Sovaldi, the first of the Hep-C cures, was approved by the FDA in December 2013. It was not widely prescribed until 2014. Assuming there is still an exchange in 2019, that will be the first year where the model’s Hep-C co-efficients are based on the new clinical regime of cures instead of treatment. There are two skews in play. The first is the pre-Sovaldi Hep-C data was more expensive per successful cure but generated far fewer successes. Secondly, we have seen the average price paid for successful cure decline as more near substitutes for Solvaldi have come onto the market. This second skew means the model will overstate the risk adjustment value of 2018 and 2019 Hep-C treatments relative to everything else.
More importantly, risk adjustment only has a chance of being an equalizer and collective action problem solver if all payers are in the same pool with risk adjustment transfers. There is risk adjustment that is internal to the individual market. There is risk adjustment that is internal to a state’s Medicaid managed care programs. There is risk adjustment in Medicare Advantage. There is risk adjustment in a single carrier’s ESI based accountable care organizations and shared savings programs.
There is no risk adjustment across multiple lines of business and multiple types of products.

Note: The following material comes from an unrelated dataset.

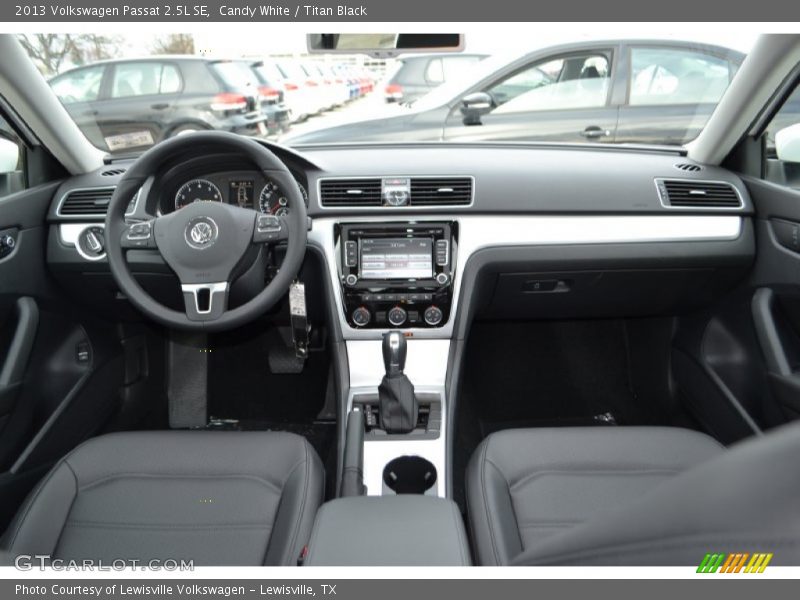 Candy White / Titan Black 2013 Volkswagen Passat 2.5L SE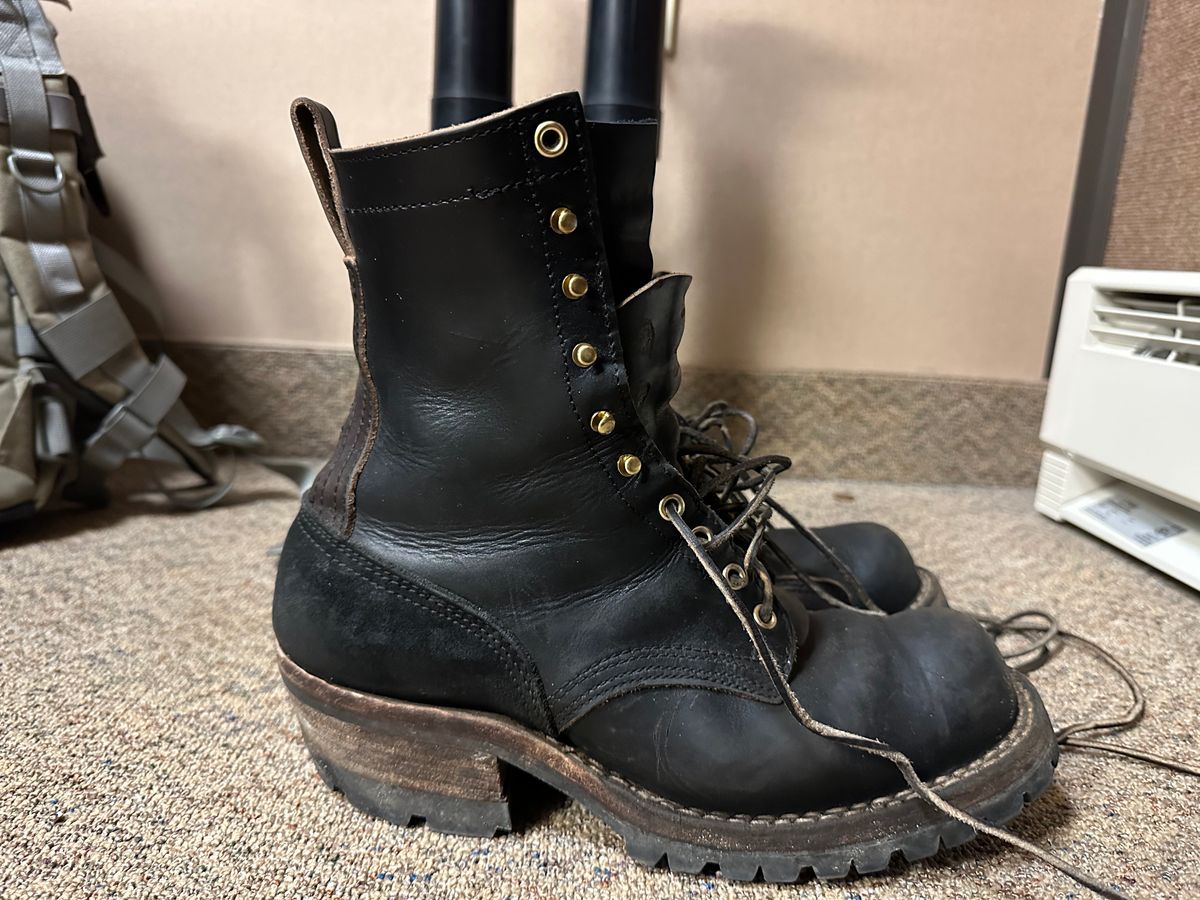 Photo by crkath77 on December 2, 2022 of the Nicks Unlisted Model in Horween Black Chromexcel.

People churn through coverage. People move from Exchange to Employer Sponsored Insurance (ESI). They move from Medicaid to Medicare. They move from ESI to CHIP. They move from Evil MegaCorp self-insured ESI to Little Fun Start-up fully insured ESI.
An insurer that is covering an individual who would benefit from a very high cost cure where the major economic gains are more than a few years out from the date of payment has to be extremely reluctant to actively seek to pay for these types of cures. Making these cures someone else’s problem under current healthcare financing regimes in the US is a viable business decision. People churn through coverage quickly and if expensive people can be either nudged or hip checked to seek coverage elsewhere just before they have a multi-million dollar claim, insurers will try to do that.
Medicare, Medicaid and the VA face different incentives as their time horizons are much longer but multi-million dollar cures that bend the cost curve through averted future care of the current next best alternative will still produce strong incentives for insurers to seek not to pay when and where they can get away with that.
Risk adjustment can either be a dessert topping or a floor wax; it can’t be both.
*** As a side note ICER has a great white paper on paying for genetic treatments. I am ripping most of my thoughts from that but I think it needs to deal with churn more than it did.